Regarding contextual criteria, the use of tabelecleucel to treat EBV+ PTLD was considered aligned with the priorities of NHS and has a positive impact on the specific interests of these population of patients and scientific societies. EBV+ PTLD was considered a very rare disease with no available alternatives, and tabelecleucel targets this unmet need. Experts agreed that the Spanish healthcare system would be prepared for the management of tabelecleucel in real practice as NHS has the capability and infrastructure required to ensure the proper use of tabelecleucel in treating EBV+ PTLD, especially centres with experience in CAR-T therapy which require more labour-intensive infrastructure.

This study shows that MCDA methodology would contribute to improve decision-making because it helps to consider the different stakeholder’s perspectives and enhance reflective discussion between them [33]. Health administration is complex and requires standardized, transparent, reflective, and value-based decision-making processes [34]. Therefore, it is understandable that MCDA is increasingly becoming popular for supporting healthcare decision-making [34].

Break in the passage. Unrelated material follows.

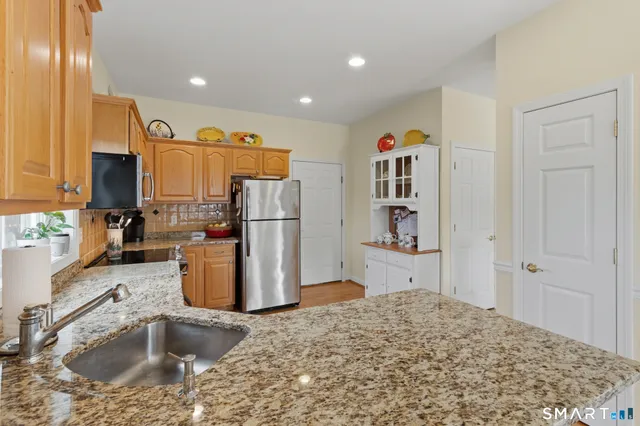 a kitchen with a refrigerator and a sink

MCDA is increasingly used to assess orphan drugs indicated for rare diseases [19, 21, 24, 35]. For example, Guarga et al. developed a framework adapted to the context of MCDA to assess orphan drugs in the Catalan Health System [17]. Similarly, the Working Group on Orphan Drugs and Rare Diseases of the Spanish Society of Hospital Pharmacy (Orphan-SEFH) uses the MCDA methodology for the elaboration of Orphan Drugs Assessment Reports [25].

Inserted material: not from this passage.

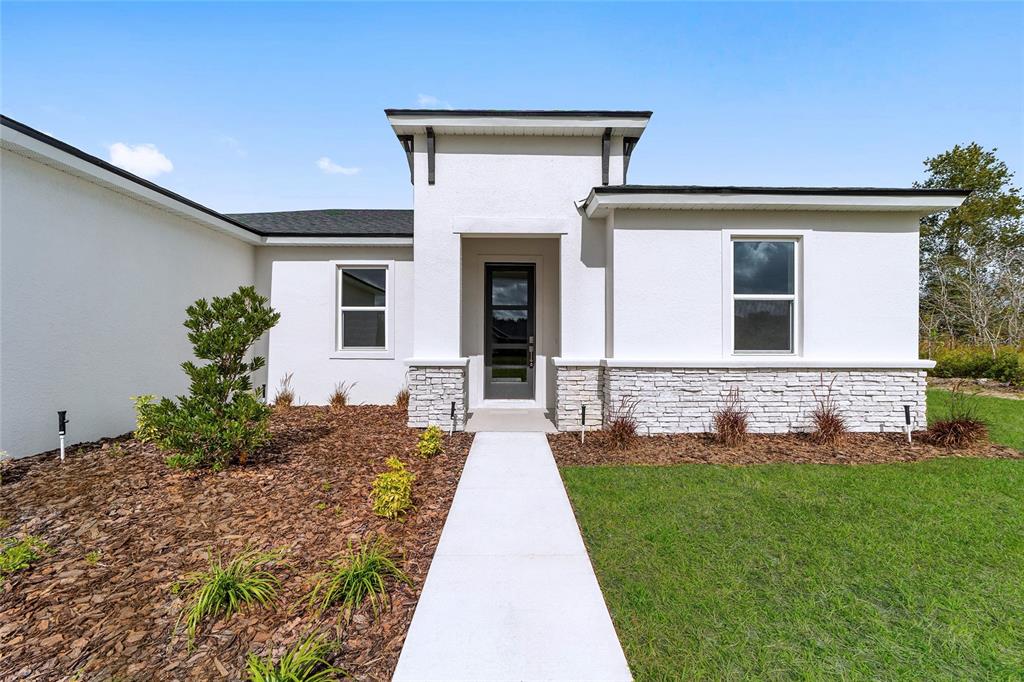 The exterior of a modern white house features a stone-accented entryway and a concrete walkway — 16090 SW 42ND TERRACE, OCALA, FL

The current analysis has some limitations. First, the study panel consisted of six experts; however, it is essential to highlight their extensive experience in the management of EBV+ PTLD and decision-making for ODs. In addition, the number of experts was in accordance with other MCDA studies [22, 35] and it was very similar to the number of experts that form evaluation commissions in Spain. Second, the study did not include any patients, so the patient perspective is not available. The EMA allows expert patients to bring their real-life experience of living with their condition directly into the scientific regulatory discussions [36]. However, EBV+ PTLD is a very rare disease so it would have been very difficult to find an expert patient to be involved in this study. Third, the results may depend to some extent on the composition of the expert panel, on their value judgements, experience, and training. To mitigate potential biases, all participants were trained in the MCDA methodology before scoring the evidence matrix.

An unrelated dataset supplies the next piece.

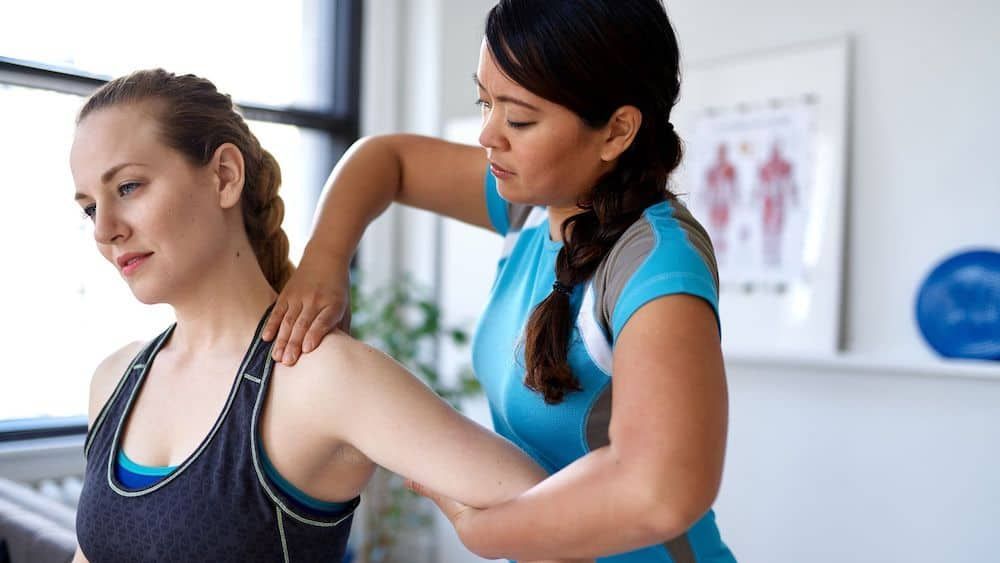 A woman in athletic wear receives physical therapy from a therapist in a bright office setting.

This study supports that one of the most important steps in the standardized value assessment of innovative therapies is the reflective discussion enabled by the MCDA methodology. During the reflective discussion, all doubts of the participants who do not have experience in clinical practice with the evaluated drug could be resolved, so the value contribution of tabelecleucel obtained from the re-scoring, together with the justification of their scores, were much more reliable.

Conclusions

The result of the study shows the importance of multidisciplinary reflective discussion for the assessment of the value contribution of a drug. Following the reflective discussion, an improvement in the standardised value contribution of tabelecleucel from 0.63 to 0.75 was reflected. Treatment with tabelecleucel has the potential to significantly improve the clinical course of EBV+ PTLD, a severe and life-threatening disorder. The MCDA methodology, due to its reflective and clarifying capacity, is proven to be an essential tool for decision-making on new treatments for the management of rare diseases, underlining the importance of thoughtful multidisciplinary discussion. The reflective discussion allows resolving possible doubts or misinterpretations of experts and the re-test enables obtaining a more consistent and reliable result on the value contribution of the drug, potentially more positive, and with less variation in the score.